Another move has been made against Gauteng’s e-toll system, with the Organisation Undoing Tax Abuse (Outa) filing legal action with the High Court to request it order the South African National Roads Agency (Sanral) to abandon collecting outstanding e-toll debts.
When the e-toll system was originally implemented in December 2013, many South African motorists purposefully avoided paying their e-toll accounts to protest the system being forced on them.
Outa was instrumental in aiding these protests, and in April 2024, the e-toll system was finally shut down in Gauteng, around five years after Sanral decided to suspend e-toll debt collection.
This recent legal action from Outa was filed on 20 August 2025, case number 2025-142155, and lists Sanral and the ministers of finance, transport, and environmental affairs as respondents.
It also lists the director-general of forestry, fisheries, and the environment, as well as the commissioner of the South African Revenue Service (SARS).
Outa noted that the applicants for this action are itself and 2,028 e-toll defendants, individuals, and businesses, that it has been protecting as a part of its e-toll Defence Umbrella.
“Sanral has indicated that it intends to oppose Outa’s application.
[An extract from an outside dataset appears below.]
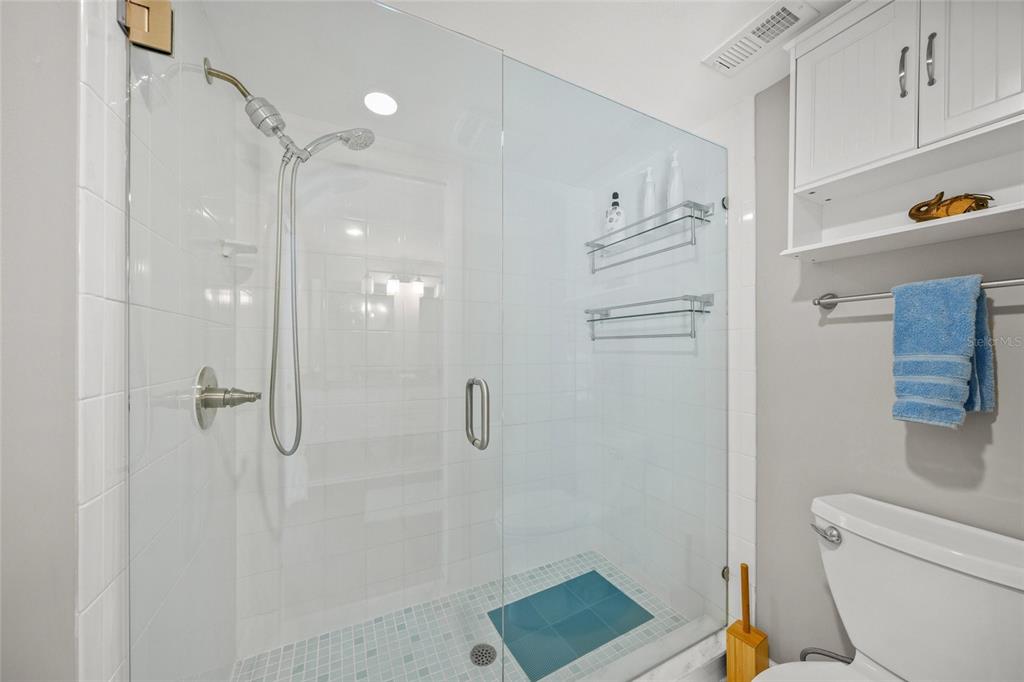 1256 Riegels Landing Drive Sarasota, FL 34242 - Photo 17 of 40 a bathroom with a shower a toilet and sink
No other responses have been received so far,” Outa said.
The application requests the High Court rule that Sanral abandon its efforts to claim debts from its 2,028 defendants and remove their matters from the court system.
“Outa argues that Sanral effectively abandoned the cases after the entity’s board resolved in March 2019 to suspend the e-toll debt collection,” it said.
“In the six years since then, Sanral has taken no further steps on these cases, and Outa is now seeking legal finality on the matters.”
Should this application be successful, Sanral’s claims against the defendants will fall away.
Outa has also requested that the court force Sanral to pay its legal costs in the cases.
Uses for the e-toll gantries
While the e-toll system has been scrapped, the infrastructure built to support it remains, and many government entities have emphasised the need to use it to avoid it becoming a costly white elephant.
One of the main suggestions was for the gantries to be used for CCTV and average speed of distance monitoring.
However, Rob Handfield-Jones, the managing director of Driving.co.za, indicated this was unlikely to be doable as the delay in announcing the average speed of distance capabilities suggested insurmountable technical issues with repurposing the cameras.
This is because, while the cameras were regularised according to the Legal Metrology Act, their technical suitability for speed enforcement remains remote.
He noted an example of this, that being a high-profile case involving a politician’s son, who crashed his Porsche into a minibus taxi on an e-tolled highway in Johannesburg, resulting in a fatality among its passengers.
During the legal case, the prosecution obtained the gantry data to determine whether the politician’s son had exceeded the speed limit.
Handfield-Jones said that this data wasn’t reliable as one gantry pass wasn’t recorded at all, and the timings of others were impossible.
As a result of this, the Randburg Magistrates’ Court found that the driver wasn’t guilty of culpable homicide due to a lack of evidence that he was driving negligently during the accident.
He believes this is a clear indicator that the gantries are unlikely to be effectively repurposed for average speed over distance tracking.